[Collected data]
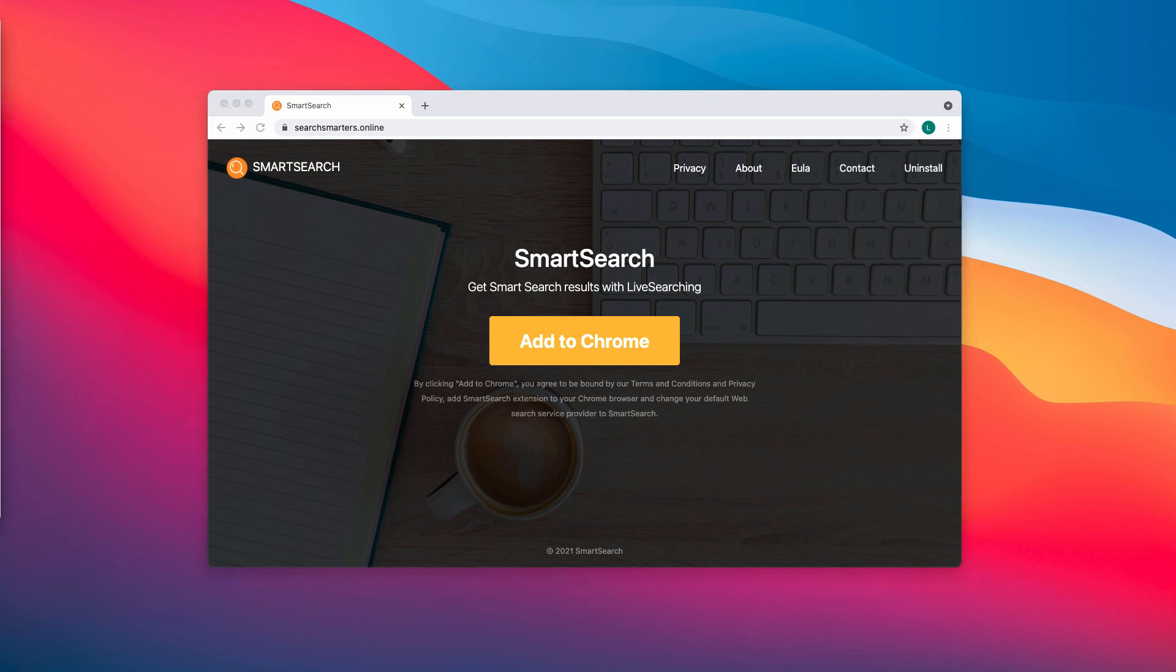Smart Search is the name of a browser hijacker designed to promote the searchSmarters.online address. It hijacks a browser by changing its settings and keeping them unchangeable. Apps of this type are categorized as potentially unwanted applications because most customers download and install them accidentally.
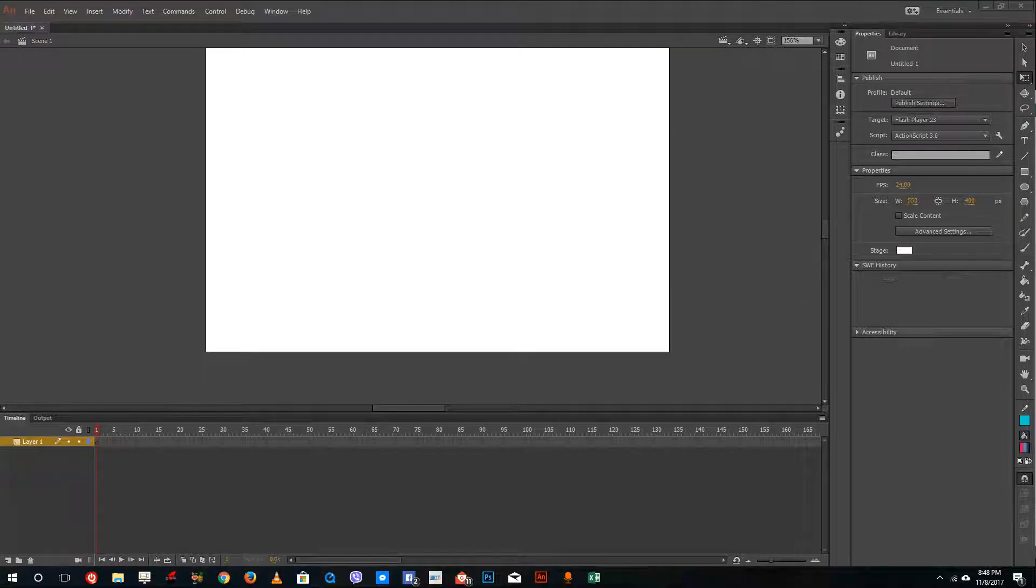Hello YouTube and welcome to lesson 23 of the Adobe Animate tutorial series. Today we're going to look at how to use the lasso tool inside of Adobe Animate.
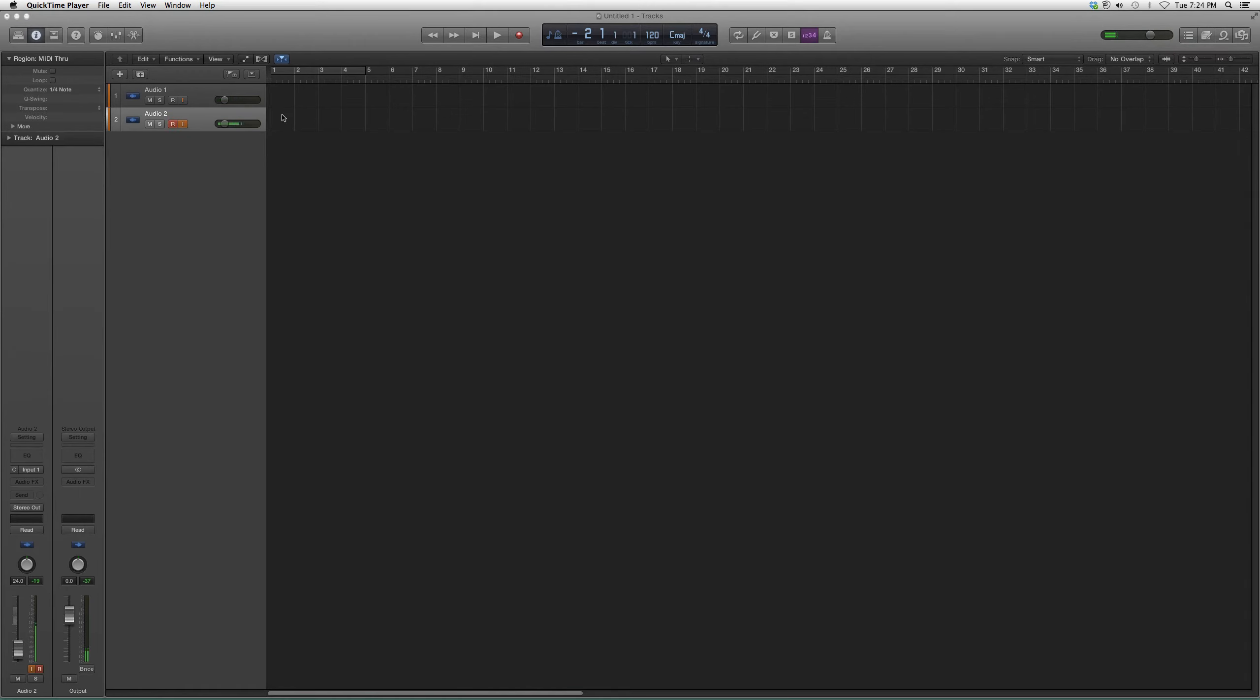We're going to hit this R button right here. This is going to arm the track. You cannot record if this red button is not flashing. In order to record, you need the red button to be flashing.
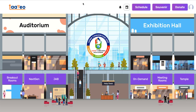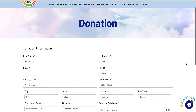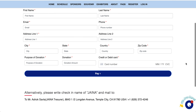How do I donate to Jaina? From the main page or e-lobby of the Jaina platform, click the Donate button on the top right-hand corner. This button will take you to a separate page where you can fill out the donation form and make your generous donations to Jaina.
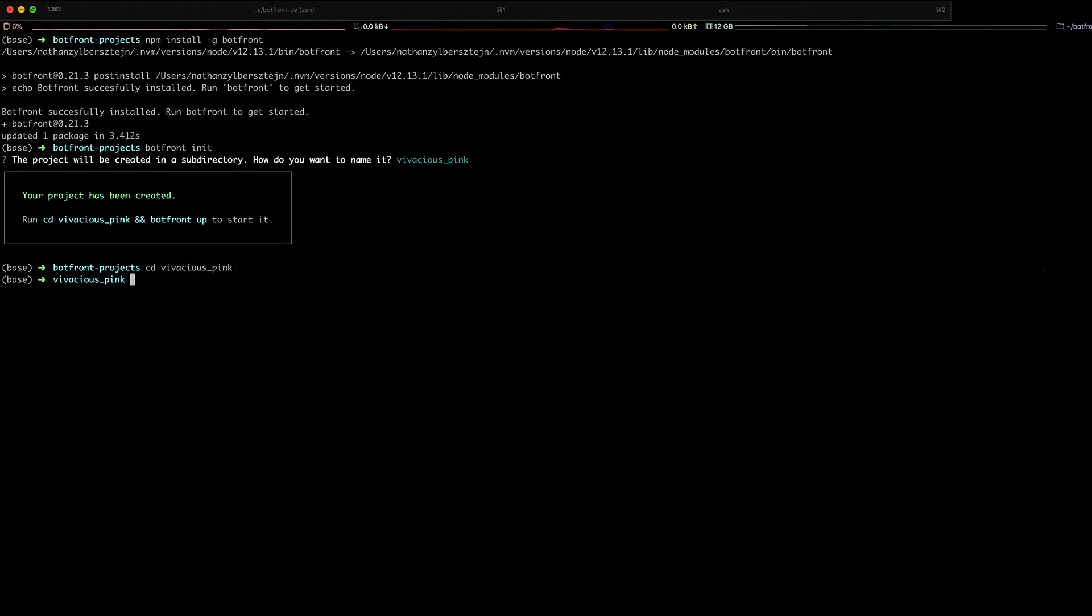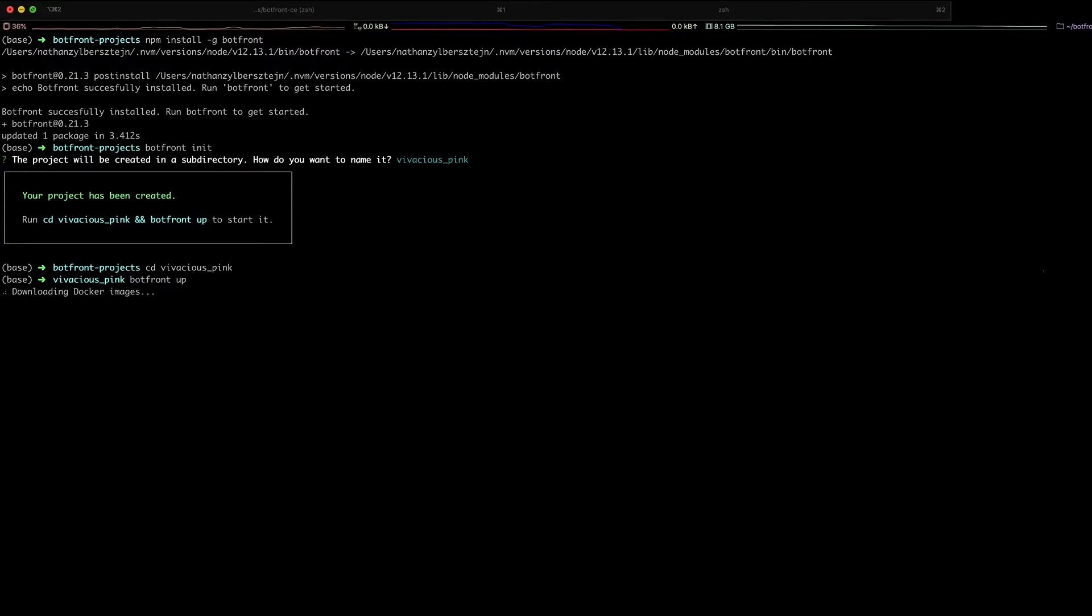When your project is ready, you can start it with BotFront app. The first time you launch your project, it's going to download Docker images and this will take a few minutes.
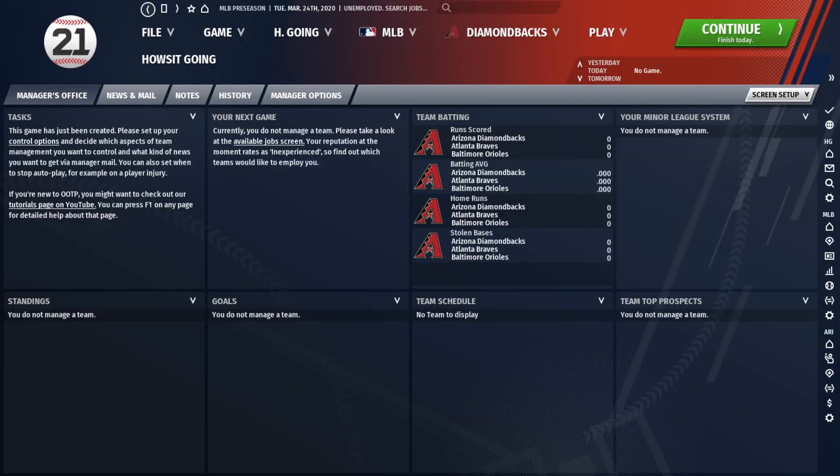What's going on folks, TJ Lowerman here, head of community for Out of the Park Developments. Recently we've been getting a lot of requests on how to bring historical teams into the 2020 season.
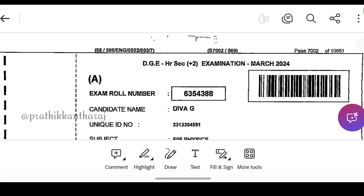Hello guys! In our channel, we have a lot of comments about the 12th standard physics scan copy and biology scan copy. Biology scan copy is already uploaded, so let's check it out.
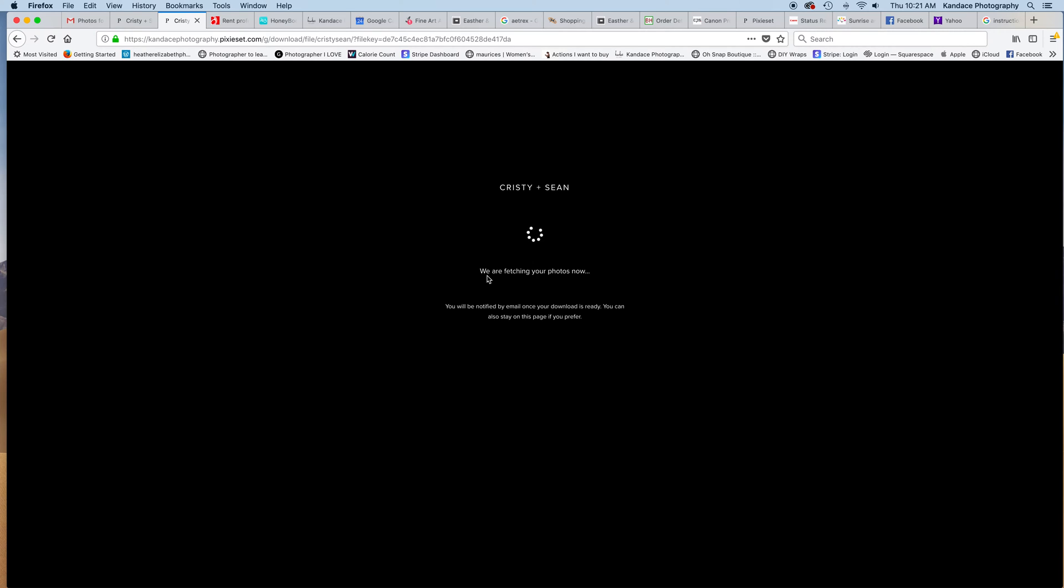If you have a MacBook or a Mac computer or anything, it'll appear in the download folder at the top. And it'll also send an email to you once the download is complete. And that's how you download a set of your images.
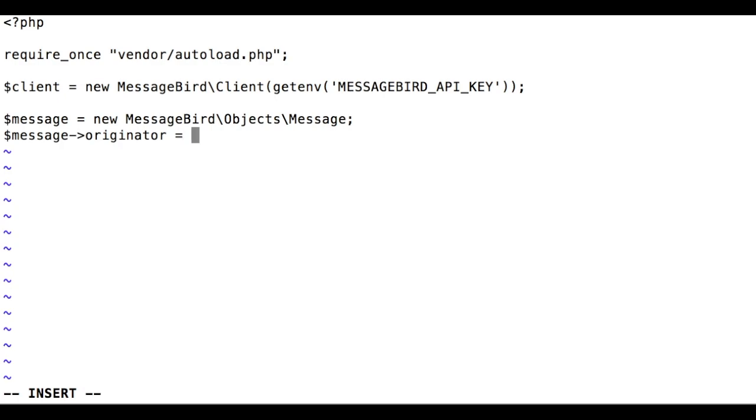The originator is the sender for the message. This can be a telephone number including country code, or an alphanumeric string of at most 11 characters. You can use a MessageBird number here so you can receive inbound SMS replies.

Work task: Take the entries above and copy exactly the lines starting at the one with "What's going on" and ending at the one with "Hello guys! In"; nothing outside that span, and no pictures.

The answer:
What's going on folks, TJ Lowerman here, head of community for Out of the Park Developments. Recently we've been getting a lot of requests on how to bring historical teams into the 2020 season.
Hello guys! In our channel, we have a lot of comments about the 12th standard physics scan copy and biology scan copy. Biology scan copy is already uploaded, so let's check it out.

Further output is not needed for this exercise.